With this in mind, the ‘Social and Human Capital Charter’ was developed, setting out a framing for the Social and Human Capital Protocol. The Charter is intended as a guide for companies and stakeholders when conducting or applying social and human capital measurement and valuation, in particular when making judgements about how to interpret the Protocol.
The Social and Human Capital Protocol can be used to measure business impacts relating to the avoidance of illegal activities such as child labor and forced labor. Some companies will already be reporting on these issues as signatories to certain international agreements. The Protocol does not seek to act as a substitute for these agreements, but can act to support business in mainstreaming their measurement, valuation and response to these issues.
Purpose of the Charter
The purpose of this Charter is to highlight key ethical issues that should be considered by users of the Protocol, to help ensure that the application by business of the concept of social capital through the Protocol leads to the protection, maintenance and, where possible, enhancement, of people’s rights, skills, experience, knowledge, and well-being in addition to societies’ shared values, norms and institutions.
Article 1. Sustainable Development
Application of the concept of social and human capital by business should support sustainable development1 and be guided by the principles of living within planetary boundaries and ensuring a strong, healthy and just society.
Article 2. Human Rights
Application of the concept of social capital by business should respect human rights as set out in the UN Guiding Principles on Business and Human Rights2. Where information is gathered directly from stakeholders; their free, prior and informed consent should be obtained.
Article 3. Transparency
Any substantial assumptions and recognised limitations (bia, or selectivity etc), in the methodologies used to measure and value social and human capital, should be disclosed to the users of the information.
Article 4. Acceptability of valuation approach to stakeholders
It should be recognized that not all stakeholders will recognize valuation - and in particular monetary valuation - of some impacts or dependencies. For example, whilst it is common in Government policy appraisal to value a human life in monetary terms3 some stakeholders may disagree that this is ever appropriate. Whether or not stakeholders are likely to accept the type of approach used to value social and human capital should be considered when identifying a valuation approach.
Article 5. Trade-offs
Just because it is possible to value an impact does not, by itself, justify trading one impact off against another that may have been valued more highly. Similarly, the net value of the impacts from an activity may be positive but there may be negative impacts as well. For example, there may be situations where employment and wage payments create value for workers but working conditions are unfavorable. It is important to look both at the total value and the individual elements including different groups impacted to ensure that you do not overlook any key risks or obligations.

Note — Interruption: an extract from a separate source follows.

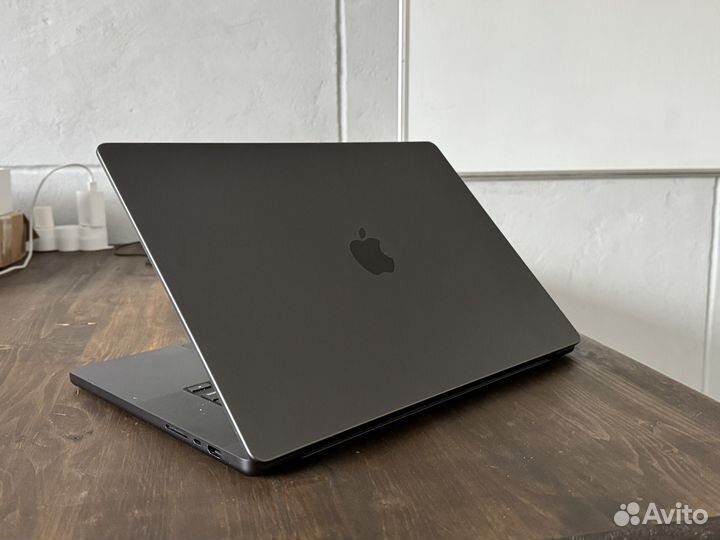 Apple Macbook Pro 16 M3 Pro 18/512GB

Article 6. Monetary Valuation
Not all social and human impacts can and/or should be monetized. If monetary values are allocated to human life or health, this should be applied in a transparent and equitable way.
Article 7. Role of governments, society and communities
Governments, societies and communities at global, regional and local scales should understand their impacts and dependencies on social and human capital and take responsibility for actions required to boost well-being and make society more cohesive and resilient at global and local scales.
Article 8. Continuous learning and adaptive management
Knowledge of the evolving theory and practice of social and human capital should be shared widely and used to continuously improve our understanding of the concept of social and human capital and ensure more effective application of this Charter over time.
1 As defined by the Brundtland Report: “Development that meets the needs of the present without compromising the ability of future generations to meet their own needs”.
2 See: UN Guiding principle on Business and Human Rights
3 See, for example Mortality Risk Valuation in Environment, Health and Transport Policies, OECD (2012).